Educomunicação e antirracismo como ferramentas estratégicas para educadores

Uma aula de Ensino Religioso e uma prática educomunicativa para inspirar educadores a pautarem sua prática para uma educação antirracista na educação básica.

Por Adriana Carrer

Adriana Carrer em sala de aula no bairro Anjo da Guarda, São Luís (MA). Foto: Camila Lustosa

Ao longo de todas as edições da Revista, a educação e a comunicação se apresentam como áreas estratégicas para a defesa e a promoção dos direitos humanos e socioambientais. Em celebração ao Dia do(a) Educador(a), comemorado em 28 de maio, damos luz à experiência de quem já esteve no “chão da escola”, relatada em primeira pessoa, para que possamos aprofundar as reflexões sobre a importância do ensinar (seja formal ou informalmente) em um país tão desigual como Brasil. 
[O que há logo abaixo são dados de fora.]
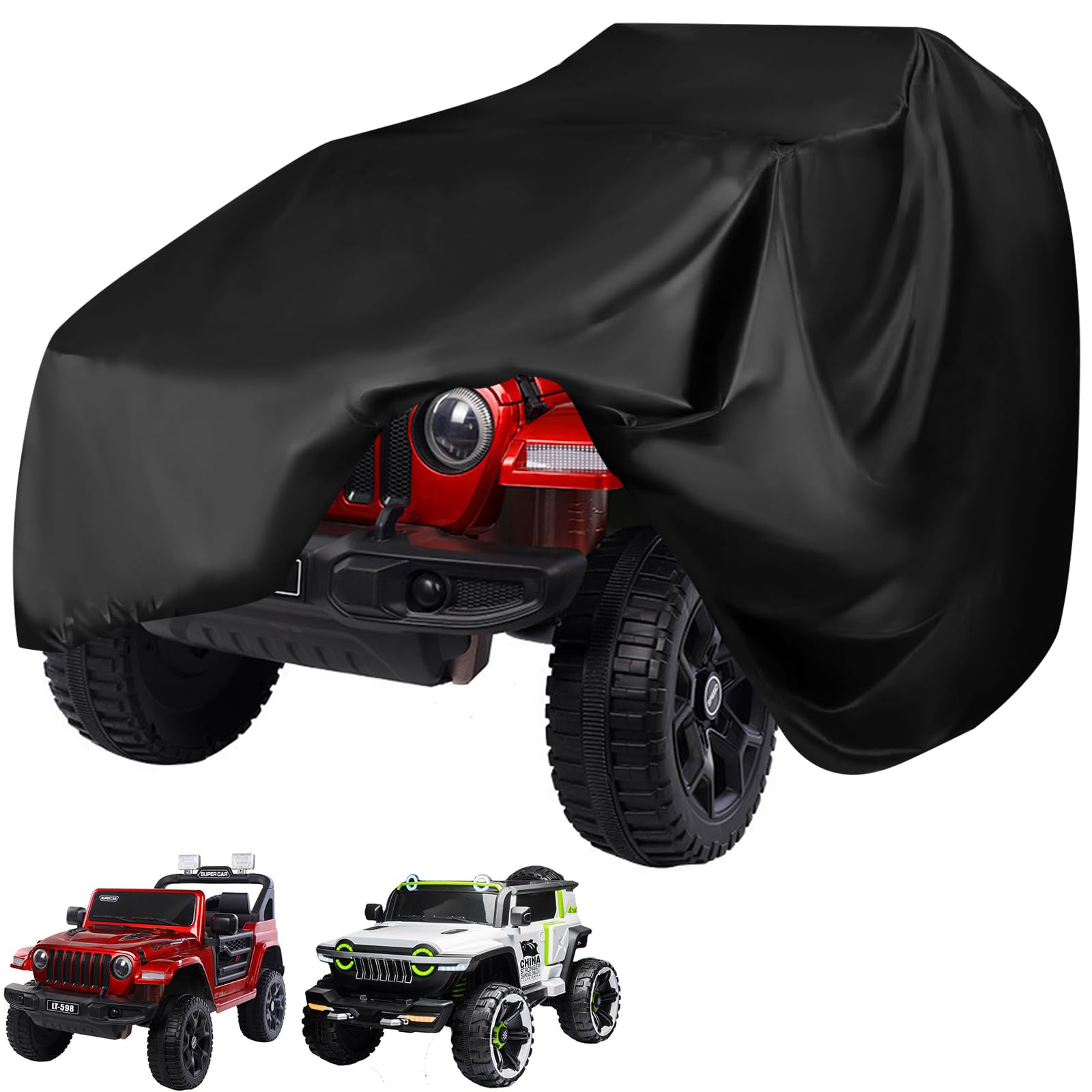 Large Car Toy Cover - Heavy Duty 420D Oxford Fabric, Waterproof Universal Anti-UV Covers for Kids Electric Vehicle, Kids Ride-On Toy Car Cover for Outdoor Indoor(57 * 33 * 38INCH)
Quando falamos das desigualdades do nosso país, fica impossível não refletirmos sobre o racismo e os impactos dele nas nossas escolas. 

É assumindo essa responsabilidade, enquanto mulher, branca e educomunicadora, que compartilho uma experiência pessoal educomunicativa vivida na realização de um podcast com alunos da periferia de São Luís, no Maranhão.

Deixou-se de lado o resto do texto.